His petition is quaintly worded, and full of interest. It commences:
‘To the wyse Comones of this present Parlement. Besekith your povre bedeman, Richard Reedbarowe, Heremyte of the Chapell of our Lady and Seint Anne atte Ravensersporne. That forasmuche that many diverses straites and daungers been in the entryng into the river of Humbre out of the See, where ofte tymes by mysaventure many divers Vesselx, and Men, Godes and Marchaundises, be lost and perished, as well by Day as be Night, for defaute of a Bekyn, that shuld teche the poeple to hold in the right chanell; so that the seid Richard, havyng compassion and pitee of the Cristen poeple that ofte tymes are there perished ... to make a Toure to be uppon day light a redy Bekyn, wheryn shall be light gevyng by nyght, to alle the Vesselx that comyn into the seid Ryver of Humbre....’

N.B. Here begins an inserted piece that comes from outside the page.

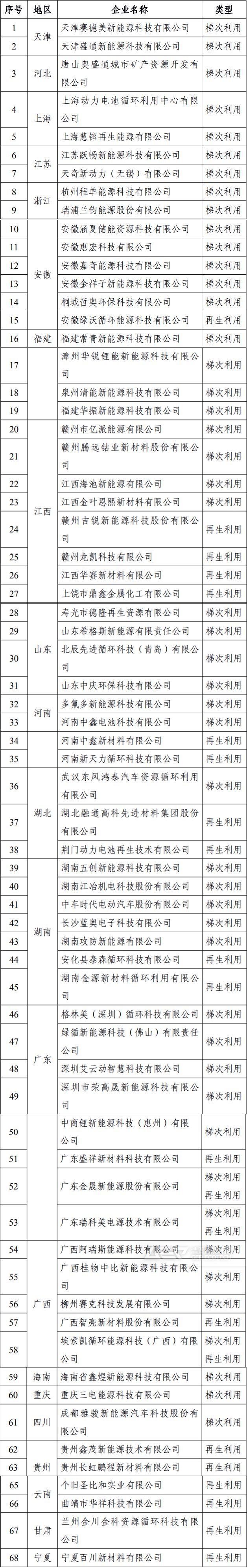 符合《新能源汽車廢舊動(dòng)力蓄電池綜合利用行業(yè)規(guī)范條件》企業(yè)名單（第五批）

No doubt the site of this early structure has long ago been submerged. The same fate came upon the two lights erected on Kilnsea Common by Justinian Angell, a London merchant, who received a patent from Charles II. to ‘continue, renew, and maintain’ two lights at Spurn Point.
In 1766 the famous John Smeaton was called upon to put up two lighthouses, one 90 feet and the other 50 feet high. There was no hurry in completing the work, for the foundations of the high light were not completed until six years later. The sea repeatedly destroyed the low light, owing to the waves reaching it at high tide. Poulson mentions the loss of three structures between 1776 and 1816. The fourth was taken down after a brief life of fourteen years, the sea having laid the foundations bare.

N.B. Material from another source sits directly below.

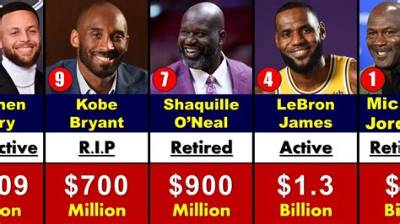 Richest Nba Playerns of All Time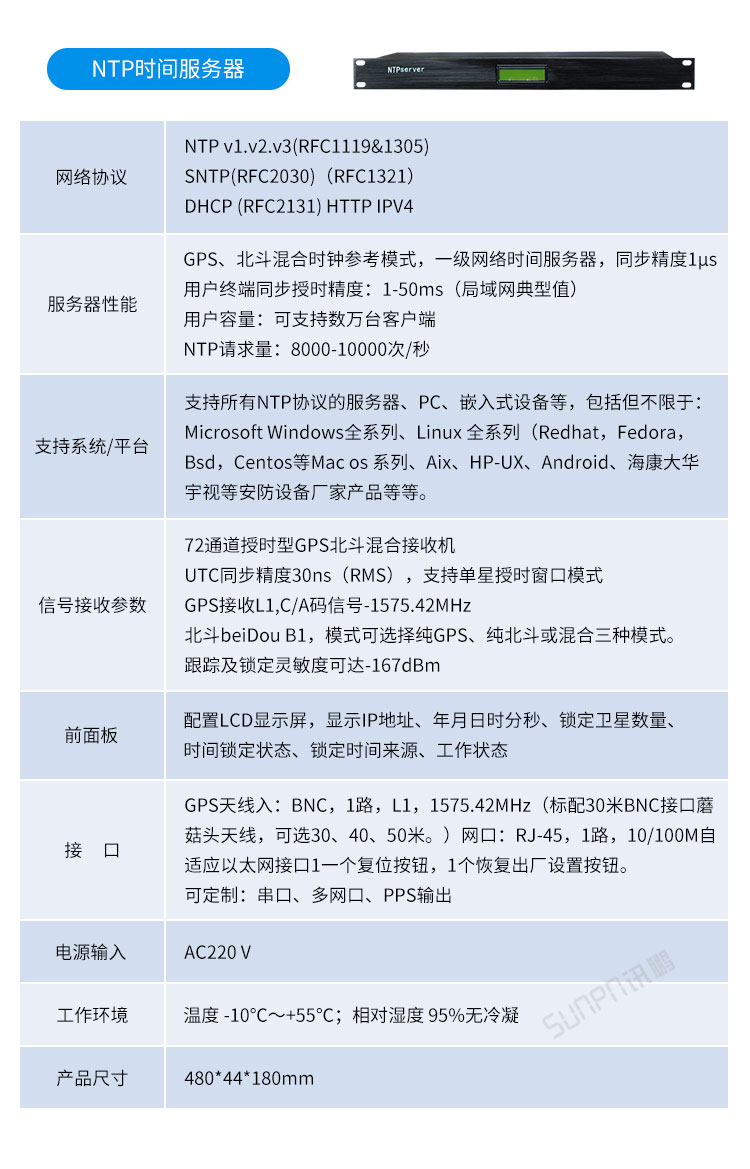 LED電子鐘傳輸層硬件 LED電子鐘傳輸層硬件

As late as the beginning of last century the illumination was produced by ‘a naked coal fire, unprotected from the wind,’ and its power was consequently most uncertain. In a great gale in 1803, the keeper was convinced that the tower would be blown down, for the wind was so furious that it increased the heat of the fire until the bars of the hearth melted like lead, and finally extinguished the light. New bars had to be put in before the fire could be rekindled. Smeaton describes how ‘upon the 5th September 1776, the fires were kindled with stone coal, which exhibited an amazing light.’
Smeaton’s high tower is now only represented by its foundations and the circular wall surrounding them, which acts as a convenient shelter from wind and sand for the low houses of the men who are stationed there for the lifeboat and other purposes.
The present lighthouse is 30 feet higher than Smeaton’s, and is fitted with the modern system of dioptric refractors, giving a light of 519,000 candle-power, which is greater than any other on the east coast of England. The need for a second structure has been obviated by placing the low lights half-way down the existing tower. Every twenty seconds the upper light flashes for one and a half seconds, being seen in clear weather at a distance of seventeen nautical miles.
That such a narrow spit of shifting sand should exist so tenaciously on a part of the coast suffering so much from the inroads of the sea appears most remarkable until we realize that its existence is probably the result of the erosion of the shore to the north, combined with the opposed action of river and ocean. There seems little doubt that the material composing the spit of land is the waste of the Holderness shore, and possibly contains some of the material of the land on which the romantic town of Ravenserodd stood. Although we must regret the loss of this historic town, all its attractiveness might have been dissipated by this time, even if it had survived, by the processes that turned the picturesque town of Hull into an ugly, if exceedingly prosperous, seaport.